Perante as exigências legais do Regime em apreço, designadamente no que respeita aos prazos declarativos e consequências do seu incumprimento, merece especial atenção o seu regime sancionatório, particularmente severo, na medida em que as entidades obrigadas que incumpram tais exigências, são gravemente limitadas na sua atividade e funcionamento.
ENQUADRAMENTO
O Registo Central de Beneficiário Efetivo (RCBE) foi criado pela Lei 89/2017, de 21 de agosto, alterada pela Lei n.º 58/2020, de 31 de agosto e regulamentada pela Portaria n.º 233/2018, de 21 de agosto, e Portaria n.º 200/2019, de 28 de junho.
O Regime Jurídico do Registo Central de Beneficiários Efetivos transpôs para o ordenamento jurídico português parte da Diretiva (UE) 2015/849, relativa à prevenção da utilização do sistema financeiro para efeitos de branqueamento de capitais ou de financiamento do terrorismo, comummente denominada como 4ª Diretiva de Prevenção de Branqueamento de Capitais e Financiamento de Terrorismo (AMLD 4).
O Registo Central do Beneficiário Efetivo assenta num repositório de dados, contendo informações precisas e atualizadas sobre os beneficiários efetivos de determinadas entidades.
O RCBE enquadra-se, em primeira linha, como um instrumento, previsto na AMLD 4, destinado a prevenir e a combater o branqueamento de capitais e a o financiamento do terrorismo.
Em segunda linha, e a par da adoção da Diretiva (UE) 2016/2258 (DAC 5), permite o acesso e a troca dessa informação entre Administrações tributárias dos Estados Membros da União Europeia, aumentando o escrutínio a que estão sujeitas as atividades de planeamento e aconselhamento fiscal.
A conjugação, por um lado, do RCBE e da DAC 5 e, por outro lado, da Diretiva (UE) 2017/822 (DAC 6), que visa o combate ao planeamento fiscal abusivo, mormente através da divulgação de esquemas fiscais por parte de intermediários, resulta numa acrescida responsabilização dos intermediários que levem a cabo esses esquemas ilícitos e, por outro, no incremento da transparência em torno da identificação dos detentores do capital cada entidade.
BENEFICIÁRIO EFETIVO
A lei estabelece como primeiro critério de aferição do beneficiário efetivo, a pessoa ou pessoas singulares que detêm uma percentagem suficiente da propriedade das participações sociais de uma entidade.
Não obstante, nem sempre é possível determinar a qualidade de beneficiário efetivo com base no critério da detenção de uma percentagem suficiente da participação social.
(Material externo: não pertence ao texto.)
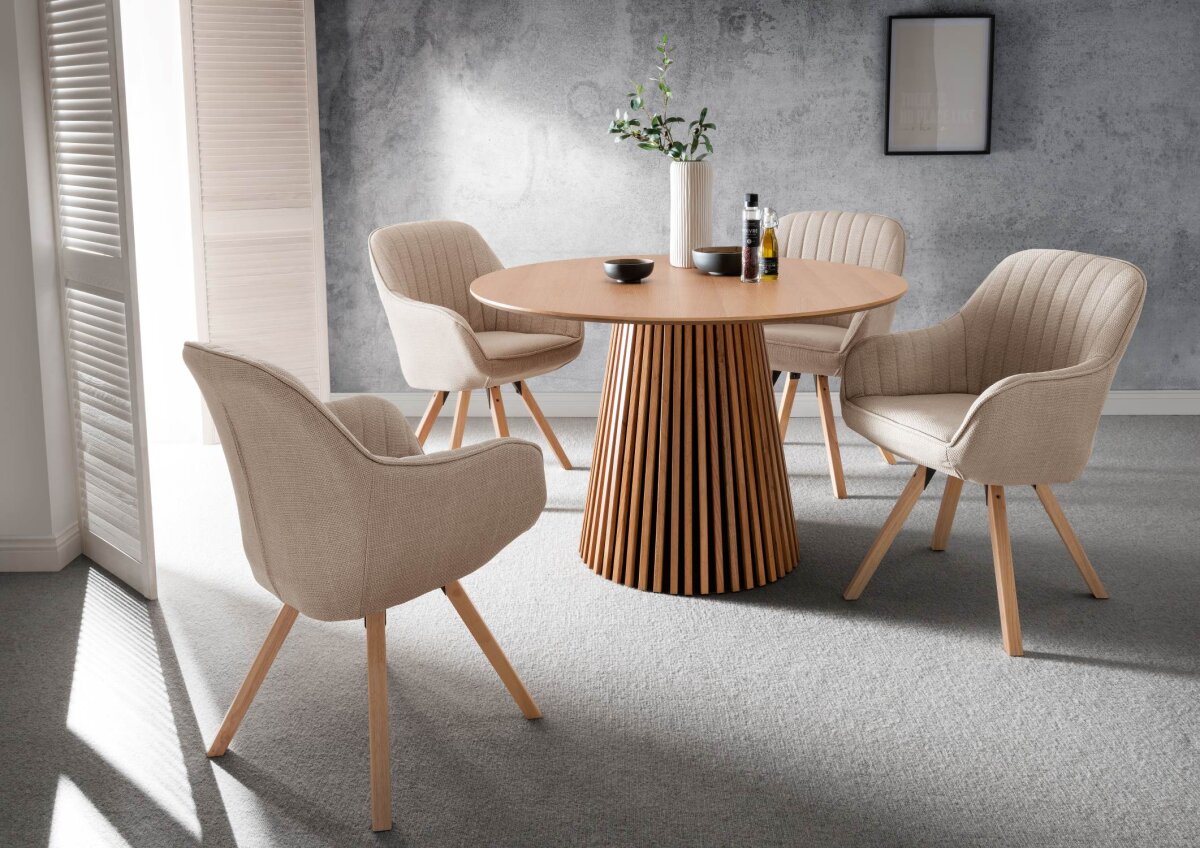 Esszimmer Set Matera beige & Tisch Oria Natur Oak | Designmöbel – Produktbild 1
Por essa razão, a lei dispõe de vários critérios indiciadores da qualidade de beneficiário efetivo, que devem ser aplicados de forma subsidiária.
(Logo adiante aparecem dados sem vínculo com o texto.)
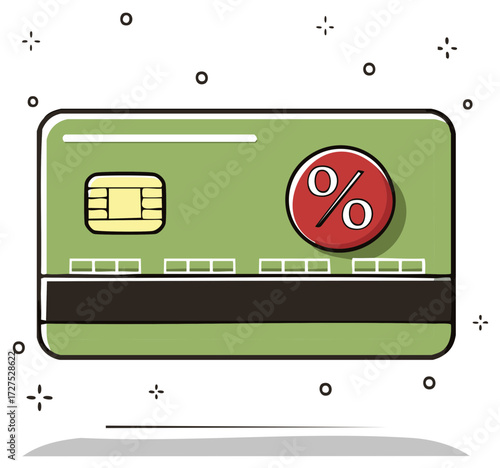 Green Credit Card with Percentage Symbol and Chip for Financial Discount and Payment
Assim, consideram-se beneficiários efetivos das entidades societárias, quando não sejam sociedades com ações admitidas à negociação em mercado regulamentado sujeitas a requisitos de divulgação de informações consentâneos com o direito da União Europeia ou sujeitas a normas internacionais equivalentes que garantam suficiente transparência das informações relativas à propriedade, as seguintes pessoas:
a. A pessoa ou pessoas singulares que, em última instância, detêm a propriedade ou o controlo, direto ou indireto, de uma percentagem suficiente de ações ou dos direitos de voto ou de participação no capital de uma pessoa coletiva. Neste caso, quando o cliente for uma entidade societária, as entidades obrigadas:
i. Consideram como indício de propriedade direta, a detenção, por uma pessoa singular, de participações representativas de mais de 25 % do capital social do cliente
ii. Consideram como indício de propriedade indireta, a detenção de participações representativas de mais de 25 % do capital social do cliente por (i) entidade societária que esteja sob o controlo de uma ou várias pessoas singulares ou (ii) várias entidades societárias que estejam sob o controlo da mesma pessoa ou das mesmas pessoas singulares
b. A pessoa ou pessoas singulares que exercem controlo por outros meios sobre essa pessoa coletiva
c. A pessoa ou pessoas singulares que detêm a direção de topo, se, depois de esgotados todos os meios possíveis e na condição de não haver motivos de suspeita, (i) não tiver sido identificada nenhuma pessoa nos termos das alíneas anteriores ou (ii) subsistirem dúvidas de que a pessoa ou pessoas identificadas sejam os beneficiários efetivos.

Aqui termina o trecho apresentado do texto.